The second principle is Respect. Two crucial ways to show respect are to listen to another person, and to not label. A person who is heard, listened to, feels valued. A person who can be who they are without being labeled is given dignity and freedom to be themselves, valued for just being because every human deserves to be treated with dignity.
My experience growing up was that children were more of a checkmark in a box, an acquisition, and a direct reflection on the value or validity of the parent. Children were made to behave not because that would cause them to grow up to be good citizens. They were required to “be good” to make a parent look good. (Heaven help you if you embarrassed your parent.) “Oh what well-behaved children you have!” was a coveted commendation for parents, saying that they were worthwhile, that they’d achieved some sort of status that only special, qualified parents got. It didn’t matter that the reason for the lack of mischief was because the fear of a blistering beating kept a kid from stepping out of line or breaking the rules, just as long as a kid made it appear that parents knew what they were doing.
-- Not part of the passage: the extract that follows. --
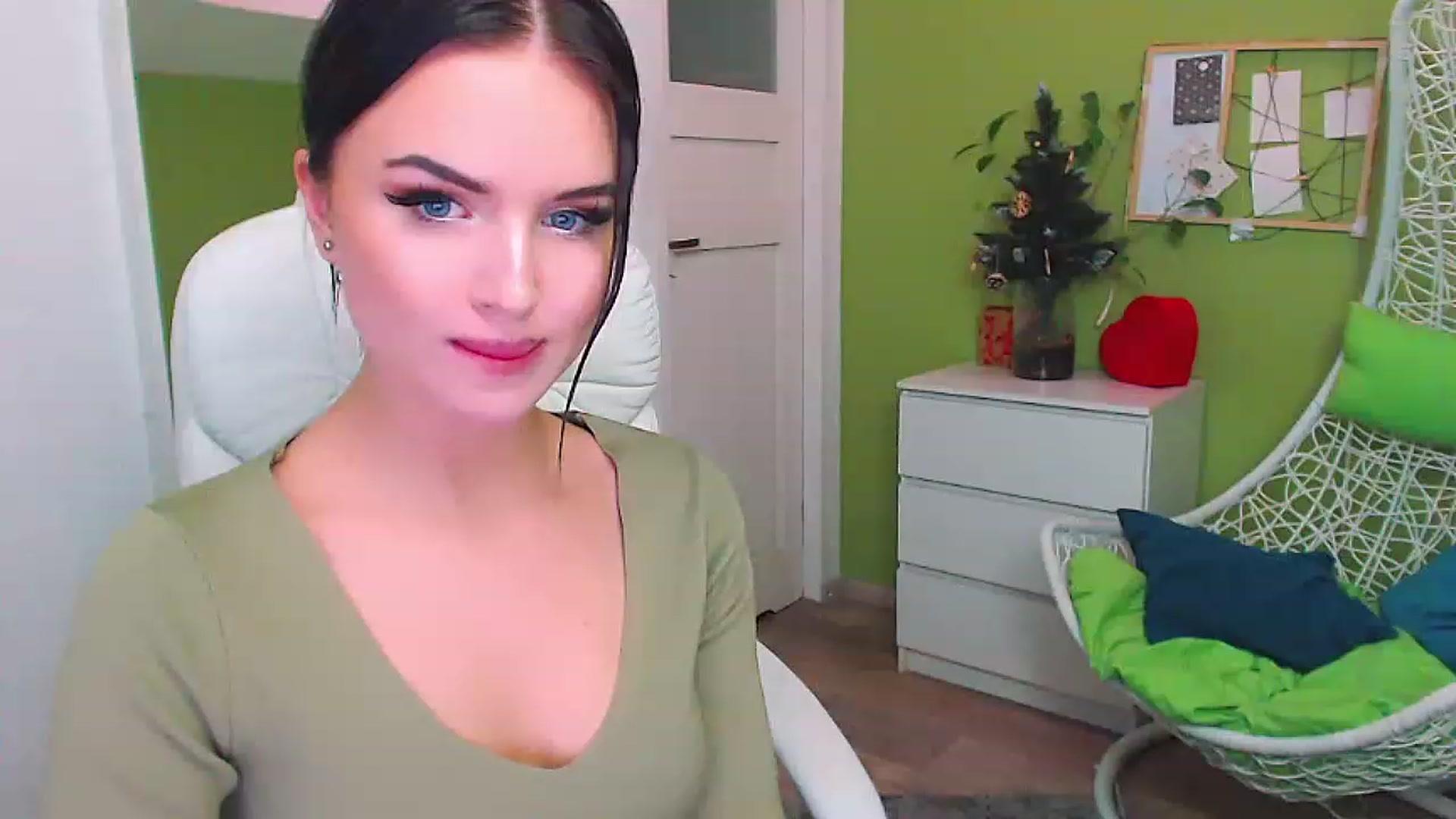 Gallery image thumbnail from JenniferMoris's myfreecams stream on, 01/10/2023, 12:15 image 7 of 20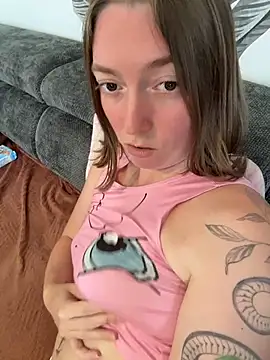 Daisy_Michto_Officiel live cam on StripChat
Determined not to use my children as measuring sticks for my value, I wanted to give them an inherit understanding of self worth. Not the kind that would propagate entitlement or narcissism, but something that would let them rest in the security of being valued by giving them a voice. As early as they could understand it, I told my kids that if I made a pronouncement and they really really wanted something different to happen, they could say, “Can we talk about that?” and we would look for alternatives or why it was going to be the way I said. It didn’t mean I would change the plan, but I would listen to them, consider it, explain it, and decide if what they wanted could be integrated. Of course, this sounds all very clean and rational now. But if I was in the middle of a temper tantrum (my own) and couldn’t cope anymore, I could break from my strategy and yell, “Because I said so! I’m the mom! I get to say so!” But at least I went in with a game plan to avoid that.
When I was in high school, the attendance office was having technical issues. They’d gotten some records messed up and had called some homes to see about absences that actually hadn’t happened. When I got home that afternoon, my parents confronted me, yelled at me, and grounded me. I’d never been grounded in my life! I was devastated. I tried to explain but they’d hear none of it. I finally said, “Doesn’t what I have to say matter?” I got a resounding “No!” The truth of it is, I never skipped class. Really. Even on senior skip day, when all my friends were out on the lawn playing, I excused myself and went to class. The guilt was too great. Remember, I had been programmed to conform to the rules. So when the office called my parents to see why I wasn’t in class, it was a mistake. A couple of miserable days after my castigation, the attendance lady who I often visited and enjoyed knowing found me crying at my locker. She asked what had happened and immediately owned the problem, apologized, and got on the phone to explain the mix up. When I got home that day, I got a shrug and a mumbled well I guess you’re not grounded anymore. I loved that attendance lady. She listened to me. She respected me.
Another way to show respect is to not label another person. By putting people in a box, a box we define ourselves based on assumptions, stereotypes, political parties, religious affiliations, others’ expectation, etc., we demean, devalue, and limit them. I so wanted to avoid teaching my kids to label others, or even themselves. I didn’t want any of them to be a part of the “gifted” program at school because what would that say to those not in the program? When one showed a proclivity to academics, I didn’t say “you’re smart,” I said “that comes easily to you, that is an area of strength for you.” Then when academics (as they are defined by public school standards) lacked in another, I could find what did come easily for him or her and emphasize that ability or gift. Gift is a key word. It reminds us that we can’t control our gifts. That’s why they’re called GIFTS. I didn’t make my kids conform to gender specific roles either. My boys enjoyed dressing up and playing with Barbies more than my daughter ever did. I didn’t care. I wasn’t threatened by them choosing non-traditional gender activities. What did it matter? They were who they were with or without my manipulation. I didn’t even use some acceptable categorization for people groups, like race.
One day Charles and I were out grocery shopping when he was three or four. This didn’t happen much. I rarely took kids shopping with me. It was too difficult. Since we only had one car, I went when Jason was home with the kids. So it was a treat when I got to pretend I was a normal mom (Oops—see there? I used a label) with one kid and shop like everyone else did. In the cereal aisle we passed a mixed race (African American and Caucasian) couple and Charlie looked up at me with his big Tweety Bird eyes glowing and pronounced, “Some times a brown person marries a beige person.”
Respect for others (and ourselves if that is lacking) is vital. It doesn’t just come. It must be learned and practiced. And if we don’t have it ourselves, our kids won’t learn it. Watch yourself today (self-examination) and see how well you listen to others to see if you’re in practice. See if you can get by without thinking of individuals in terms of labels. And then, see how you might model this for your kids.